A scalar processor has to decode only a single instruction in each cycle as shown in the figure. In addition, a pipelined processor has to check for dependencies to decide whether this instruction can be issued or not. In comparison, a superscalar processor has to perform a much more complex task.
As shown in the figure, it has to decode multiple instructions, say four, in a single clock cycle. It also needs to check for dependencies from two perspectives: First, whether the instructions to be issued are dependent on the instructions currently in execution. Second, whether there are dependencies among the instructions which are candidates for the next issues.
Since a superscalar processor has more EUs than a scalar one, the number of execution instructions is far higher than in the scalar case. This means that more comparisons have to be performed in the course of dependency checks. The decode-issue path of the superscalar processor is a much more critical issue in achieving a high clock frequency than that of scalar processors.

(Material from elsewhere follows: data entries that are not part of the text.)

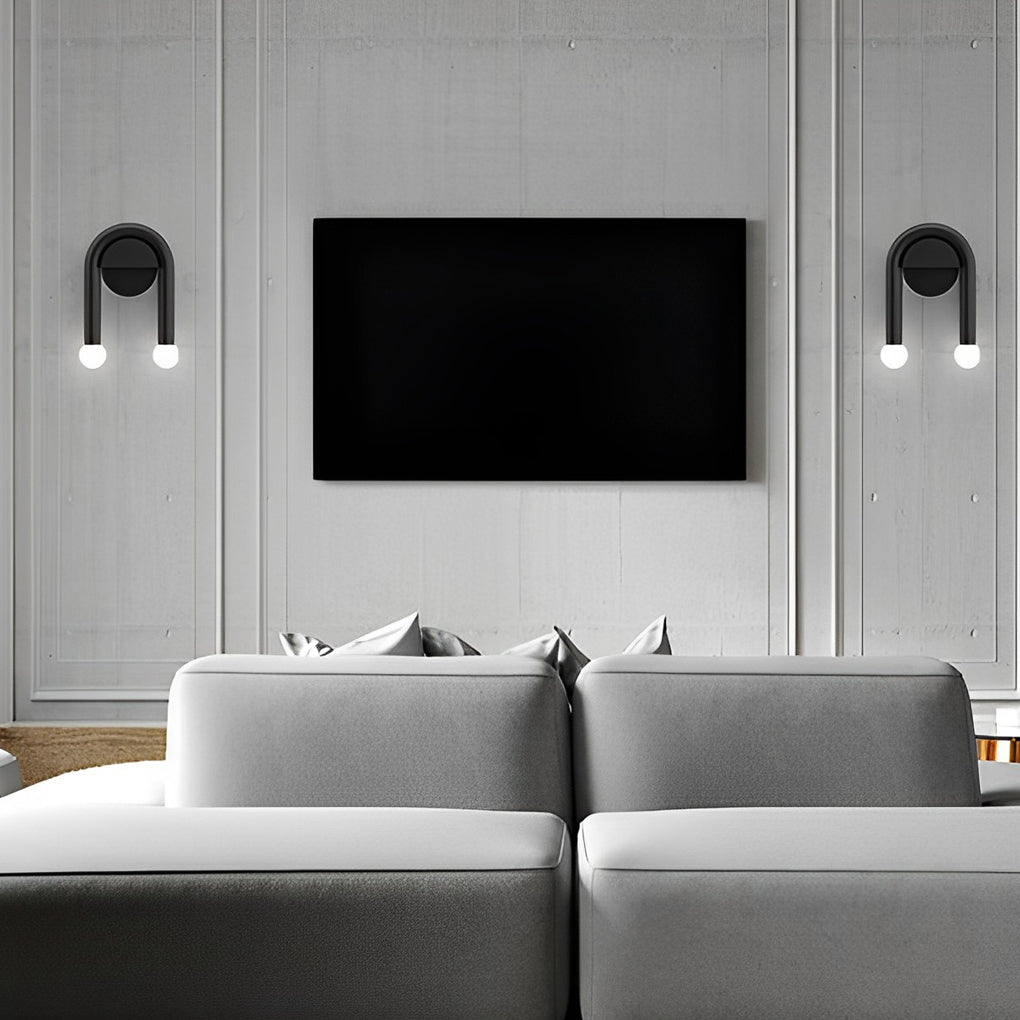 Modern Nordic Black Wall Sconce Lighting with 2 Glass Globes for Bedroom and Hallway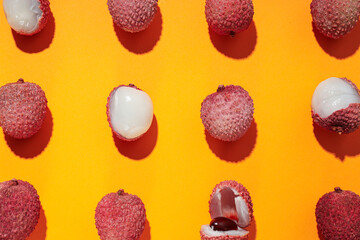 Lychee, concept of fresh and ripe exotic food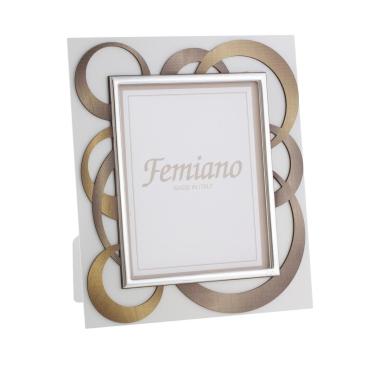 Cornice portafoto anelli legno bronzo oro 18X24 cm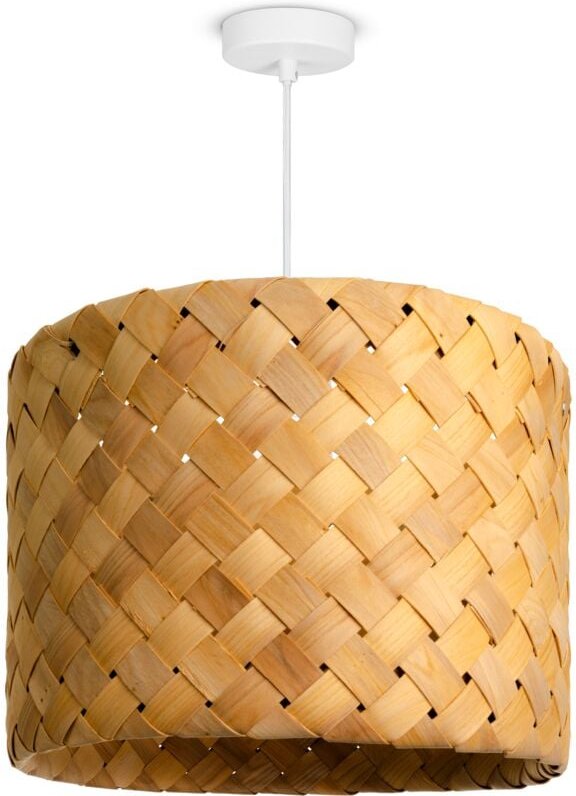 Pendellampe led Hängeleuchte Wohnzimmer Schlafzimmer Esszimmer Schirm Papier E27 Pendelleuchte - Weiß, Holz (Ø35cm) - Pa...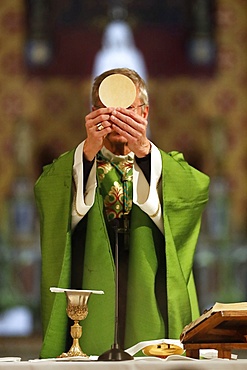 Eucharist celebration, Basilica of Our Lady of Geneva, Geneva, Switzerland, Europe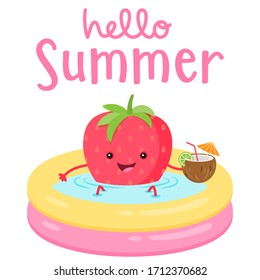 A cute kawaii strawberry relaxing in a pool enjoying a drink from a coconut.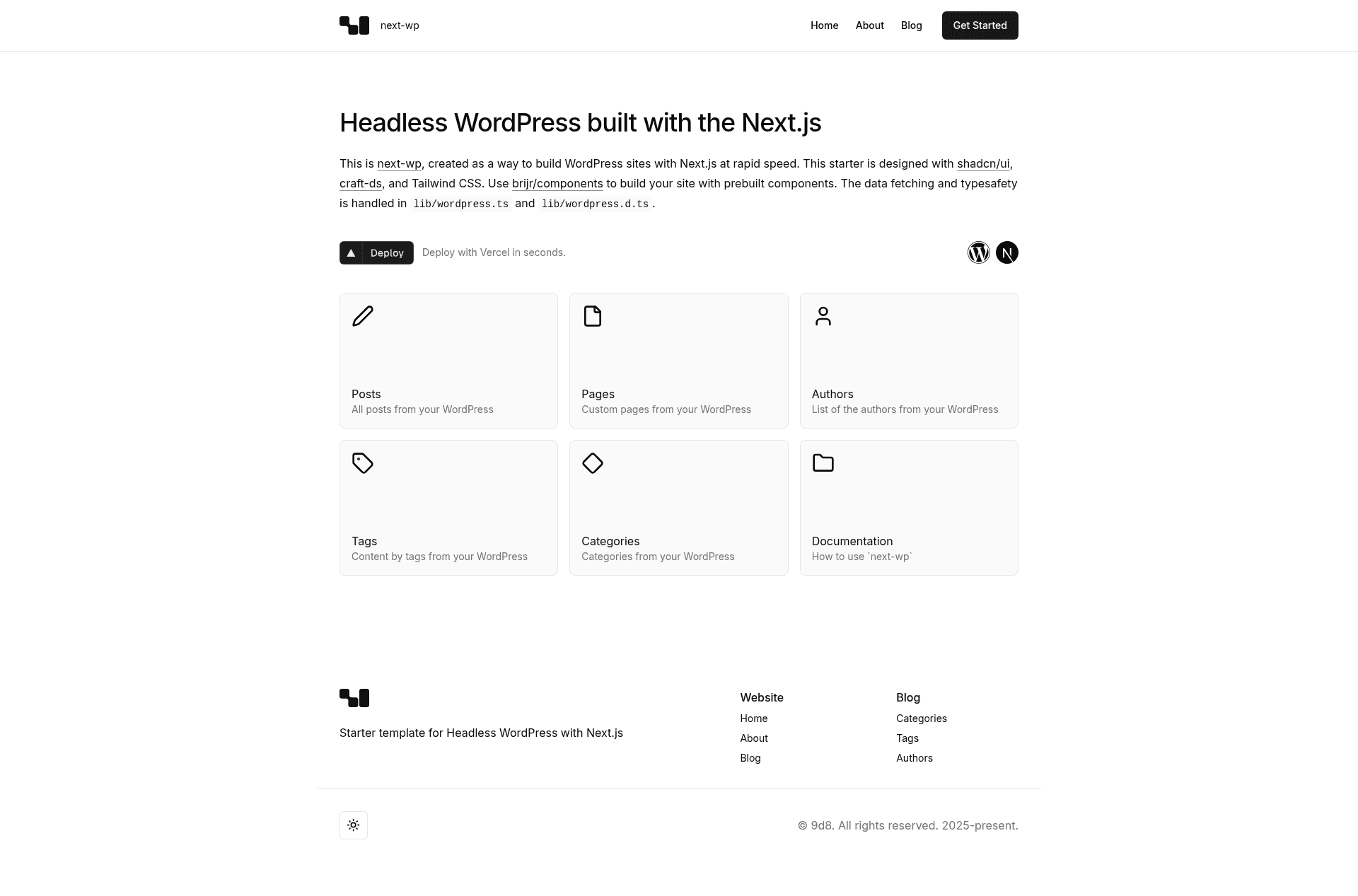 screenshot of Next WP on template0.com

Superscalar processors tend to use two, even three, or more pipeline cycles for decoding and issuing instructions. For instance, the PowerPC 601, PowerPC 604, and UltraSparc need 2 cycles, while the α 21064 requires 3 cycles and the PentiumPro even needs 4.5 cycles. One way to cope with this problem is through pre-decoding.
Predecoding shifts a part of the decoding task up into the loading phase of the on-chip instruction cache (I-cache) as shown in the figure.
Here, while the I-cache is being loaded, a dedicated unit is called the predecoded unit. It executes partial decoding and joins several decode bits to each instruction. In the case of RISC processors, for example, 4-7 bits are usually attached which indicate −
the instruction class
the type of resources that are required for the execution and
in some processors even the fact that branch target address has already been calculated during pre-decoding like in the Hal PM1 or the UltraSparc.
The number of the pre-decoded unit are shown in the table.
Number of pre-decode bits used
|Type/year of first volume shipment||Number of pre-decode bits appended to each instruction|
|PA 7200 (1995)||5|
|PA 8000 (1996)||5|
|PowerPC 620 (1996)||7|
|HAL PM1 (1995)||4|
|AMD K5 (1995)||5|
For a CISC processor such as the AMD, K5 pre-decoding can determine where an instruction starts or ends, where the opcodes and prefixes are, and so on. This requires quite a large number of extra bits. The K5 adds five extra bits to each byte. Thus, in this case, more than 70% additional storage space is needed in the instruction cache.
Predecoding is used either to shorten the overall cycle time or to reduce the number of cycles needed for decoding and instruction issues. For instance, pre-decoding the PowerPC 620, R10000, and Hal’s PM1 require only a single cycle for decoding and issue.